As there are election times, political parties will use all tricks to vilify their rivals and project each other as enemies, to hide their incompetence and to appeal to their electoral constituencies. 

Expect acrimonious debates for and against rejection of constitution amendment bill for the next few months.

Flawed content

Frankly, the content of the amendment bill was flawed. Neither the RJPN, which had been claiming this amendment would not address their demands at all, nor Nepali Congress and Maoist Center, were content with the bill. “The amendment bill had nothing to offer to Madhesis, Janajatis, Tharus, women, and Muslims,” wrote Manish Suman, General Secretary of RJPN, in Naya Patrika recently, echoing what Madhesi leaders used to say about the constitution.  Yet Suman then contradicts himself, by saying that if the bill (that “had nothing to offer”) had been passed “it would establish atmiyata (soul relation) of Madhesis with the constitution”. Doubtlessly, Suman is making an overtly political statement here but there is no tinge of regret in leaders who voted in favor of the bill for its rejection. Silently, Congress and Maoist Center must be thanking UML for aborting the bill and thus giving them a ‘face saver’. 
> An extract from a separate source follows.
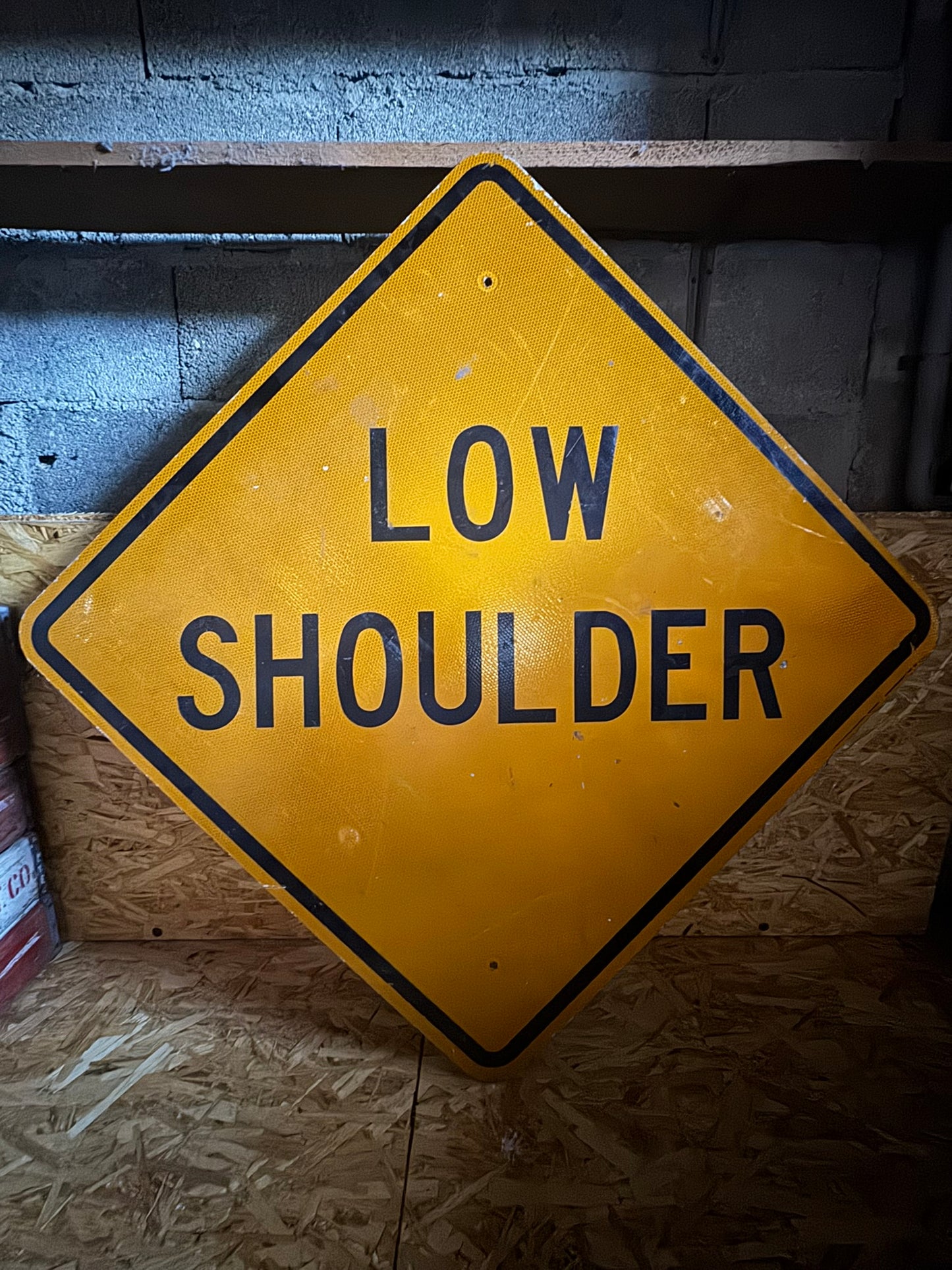 Panneau Routier Américain Vintage "LOW SHOULDER" - Décoration Industrielle / Garage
Since the amendment bill was registered in the parliament in April, no political party discussed its merits, if any. They failed to explain how passage of the bill would empower Madhesis and Janajatis. For example, how would including all mother tongues of Nepal in the annex of the constitution, which already recognizes “all mother tongues spoken in Nepal” as “national languages”, promote and preserve Maithili and Bhojpuri languages or how not doing so would make these languages inferior to others? Nobody told us. It is intriguing why this particular clause had to be inserted in the constitution. 

The secret contention was that amendment on language was to give Hindi official status. They refrained from saying it in public fearing adverse reaction. If those seeking amendment on language had spoken for dignified space for, say Maithili language—the ancient language of Nepal—or even Bhojpuri, public opinion would build in favor of amendment on language.

Another unwarranted argument was in favor of depriving local executives from becoming part of Electoral College. I wonder how this would make Madhesi people more empowered. 

The bill also proposed to create new category of “marital naturalized citizens”. Other than explaining how one acquires this citizenship—through marital ties—this phrase actually means nothing. Foreign women married to Nepalis are acquiring naturalized citizenships under existing legal provision anyway. 

Major emphasis was on allowing federal parliament to decide on boundaries of provinces without approval of affected provinces. This is rarely practiced in other federal countries. The ruling parties and RJPN undermined the parliament’s arithmetic. Not only UML but many lawmakers from RPP had vowed to vote against the bill. 

Passage to India 

It is frustrating to link fallout of domestic affairs with India. But Nepali leaders sometimes so openly look up to Indian leaders and bureaucrats for advice that one cannot dissociate the link between the two. India invariably comes into the picture. 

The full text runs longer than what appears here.